> [TASK DETAILS]: Only one thing is required: the number of lines in the entries below that contain "between".

> [EXTRACTED DATA]:
____
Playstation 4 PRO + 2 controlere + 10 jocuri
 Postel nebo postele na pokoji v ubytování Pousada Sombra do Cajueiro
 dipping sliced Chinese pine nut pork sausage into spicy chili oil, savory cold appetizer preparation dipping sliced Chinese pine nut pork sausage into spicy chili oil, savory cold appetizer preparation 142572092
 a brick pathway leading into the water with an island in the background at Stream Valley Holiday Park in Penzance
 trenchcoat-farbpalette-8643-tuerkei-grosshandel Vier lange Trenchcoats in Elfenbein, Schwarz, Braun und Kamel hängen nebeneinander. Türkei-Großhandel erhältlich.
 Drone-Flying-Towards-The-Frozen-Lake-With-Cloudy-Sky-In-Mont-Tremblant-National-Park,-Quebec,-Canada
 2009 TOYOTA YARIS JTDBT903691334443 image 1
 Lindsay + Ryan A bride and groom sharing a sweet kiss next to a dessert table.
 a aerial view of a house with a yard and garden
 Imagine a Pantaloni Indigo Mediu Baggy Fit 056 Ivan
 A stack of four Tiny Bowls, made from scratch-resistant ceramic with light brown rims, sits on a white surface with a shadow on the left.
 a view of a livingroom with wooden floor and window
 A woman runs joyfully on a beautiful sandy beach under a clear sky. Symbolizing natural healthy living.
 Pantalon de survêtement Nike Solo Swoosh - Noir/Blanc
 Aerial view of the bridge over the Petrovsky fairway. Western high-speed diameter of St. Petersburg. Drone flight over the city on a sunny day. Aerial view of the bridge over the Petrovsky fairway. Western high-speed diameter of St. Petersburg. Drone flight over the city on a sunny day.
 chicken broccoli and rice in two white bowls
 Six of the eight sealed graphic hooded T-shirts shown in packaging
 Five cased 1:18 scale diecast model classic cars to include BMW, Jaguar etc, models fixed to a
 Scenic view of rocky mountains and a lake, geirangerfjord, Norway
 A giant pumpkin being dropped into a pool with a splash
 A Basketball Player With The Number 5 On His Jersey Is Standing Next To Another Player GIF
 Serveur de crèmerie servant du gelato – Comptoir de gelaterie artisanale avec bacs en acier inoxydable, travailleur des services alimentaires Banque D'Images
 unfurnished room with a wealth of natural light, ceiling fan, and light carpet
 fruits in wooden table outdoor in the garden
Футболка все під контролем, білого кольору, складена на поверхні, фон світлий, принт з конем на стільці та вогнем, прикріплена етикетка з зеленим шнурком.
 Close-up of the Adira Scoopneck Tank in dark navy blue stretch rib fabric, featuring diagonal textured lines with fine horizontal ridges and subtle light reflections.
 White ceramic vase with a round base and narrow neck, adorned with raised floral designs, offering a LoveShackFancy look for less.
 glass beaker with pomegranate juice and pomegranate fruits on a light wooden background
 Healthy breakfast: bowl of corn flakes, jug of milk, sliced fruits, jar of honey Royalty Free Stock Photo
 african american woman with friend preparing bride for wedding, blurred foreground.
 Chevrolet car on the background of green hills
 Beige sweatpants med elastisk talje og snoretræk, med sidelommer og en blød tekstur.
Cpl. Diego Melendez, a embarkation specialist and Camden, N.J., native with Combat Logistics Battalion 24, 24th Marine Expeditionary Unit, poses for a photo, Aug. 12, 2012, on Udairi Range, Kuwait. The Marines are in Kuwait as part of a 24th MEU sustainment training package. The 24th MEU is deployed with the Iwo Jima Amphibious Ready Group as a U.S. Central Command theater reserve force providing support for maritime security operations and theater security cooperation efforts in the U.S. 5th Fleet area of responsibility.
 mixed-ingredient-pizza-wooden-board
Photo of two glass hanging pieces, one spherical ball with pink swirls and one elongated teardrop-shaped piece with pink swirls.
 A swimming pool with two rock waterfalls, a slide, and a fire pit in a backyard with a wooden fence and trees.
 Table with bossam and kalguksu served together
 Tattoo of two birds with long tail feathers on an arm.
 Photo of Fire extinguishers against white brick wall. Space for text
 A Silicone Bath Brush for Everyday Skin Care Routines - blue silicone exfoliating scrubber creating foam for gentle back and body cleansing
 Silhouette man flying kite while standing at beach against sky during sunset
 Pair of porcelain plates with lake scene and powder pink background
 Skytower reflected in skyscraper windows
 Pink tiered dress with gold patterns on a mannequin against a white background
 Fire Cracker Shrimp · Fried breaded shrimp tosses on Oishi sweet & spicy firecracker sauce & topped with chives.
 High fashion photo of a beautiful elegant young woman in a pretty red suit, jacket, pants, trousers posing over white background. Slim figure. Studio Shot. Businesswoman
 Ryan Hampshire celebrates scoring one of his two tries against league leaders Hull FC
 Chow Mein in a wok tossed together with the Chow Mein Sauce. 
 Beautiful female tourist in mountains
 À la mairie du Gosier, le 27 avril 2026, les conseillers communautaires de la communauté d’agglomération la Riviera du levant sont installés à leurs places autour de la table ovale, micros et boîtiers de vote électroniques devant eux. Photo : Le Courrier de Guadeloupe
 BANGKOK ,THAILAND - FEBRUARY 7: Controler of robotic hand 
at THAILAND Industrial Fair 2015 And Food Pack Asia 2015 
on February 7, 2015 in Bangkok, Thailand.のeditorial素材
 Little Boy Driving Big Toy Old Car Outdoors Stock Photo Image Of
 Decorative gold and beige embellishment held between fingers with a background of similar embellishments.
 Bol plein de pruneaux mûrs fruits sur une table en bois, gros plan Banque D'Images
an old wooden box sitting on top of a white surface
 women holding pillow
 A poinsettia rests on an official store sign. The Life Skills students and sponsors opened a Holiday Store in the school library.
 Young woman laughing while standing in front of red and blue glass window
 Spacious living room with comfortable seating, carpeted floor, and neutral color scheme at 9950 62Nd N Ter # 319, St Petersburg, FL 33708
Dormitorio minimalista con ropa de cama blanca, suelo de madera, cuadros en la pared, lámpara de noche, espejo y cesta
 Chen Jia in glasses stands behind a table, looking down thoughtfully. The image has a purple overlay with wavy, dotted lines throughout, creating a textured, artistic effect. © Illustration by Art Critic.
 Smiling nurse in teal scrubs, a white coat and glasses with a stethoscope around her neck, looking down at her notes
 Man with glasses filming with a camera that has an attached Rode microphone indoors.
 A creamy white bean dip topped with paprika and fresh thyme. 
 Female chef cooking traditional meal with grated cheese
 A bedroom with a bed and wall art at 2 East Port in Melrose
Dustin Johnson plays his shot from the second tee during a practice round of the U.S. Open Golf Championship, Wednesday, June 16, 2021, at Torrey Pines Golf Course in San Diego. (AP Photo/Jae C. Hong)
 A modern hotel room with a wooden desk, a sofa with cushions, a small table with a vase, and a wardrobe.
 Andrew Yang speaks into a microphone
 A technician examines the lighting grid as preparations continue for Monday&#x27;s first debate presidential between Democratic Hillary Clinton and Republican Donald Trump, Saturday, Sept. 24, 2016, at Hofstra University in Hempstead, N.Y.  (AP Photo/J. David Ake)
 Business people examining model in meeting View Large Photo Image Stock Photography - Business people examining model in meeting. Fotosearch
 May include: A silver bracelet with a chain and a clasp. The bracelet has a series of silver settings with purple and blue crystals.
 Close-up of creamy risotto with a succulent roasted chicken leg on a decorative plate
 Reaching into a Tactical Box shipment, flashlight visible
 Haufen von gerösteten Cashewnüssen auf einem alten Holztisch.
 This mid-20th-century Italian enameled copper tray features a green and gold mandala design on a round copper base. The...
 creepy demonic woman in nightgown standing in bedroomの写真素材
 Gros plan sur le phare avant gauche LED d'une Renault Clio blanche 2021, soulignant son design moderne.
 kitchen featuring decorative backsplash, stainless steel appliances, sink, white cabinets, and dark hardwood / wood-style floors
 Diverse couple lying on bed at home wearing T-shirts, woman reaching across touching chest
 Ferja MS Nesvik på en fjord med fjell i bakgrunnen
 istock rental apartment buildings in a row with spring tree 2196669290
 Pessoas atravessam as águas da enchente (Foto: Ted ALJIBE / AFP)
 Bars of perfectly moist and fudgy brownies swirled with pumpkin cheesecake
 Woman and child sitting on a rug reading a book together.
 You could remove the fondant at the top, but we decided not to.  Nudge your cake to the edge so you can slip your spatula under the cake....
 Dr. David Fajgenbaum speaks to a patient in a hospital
____
> [OUTPUT OF THE EXERCISE]: 2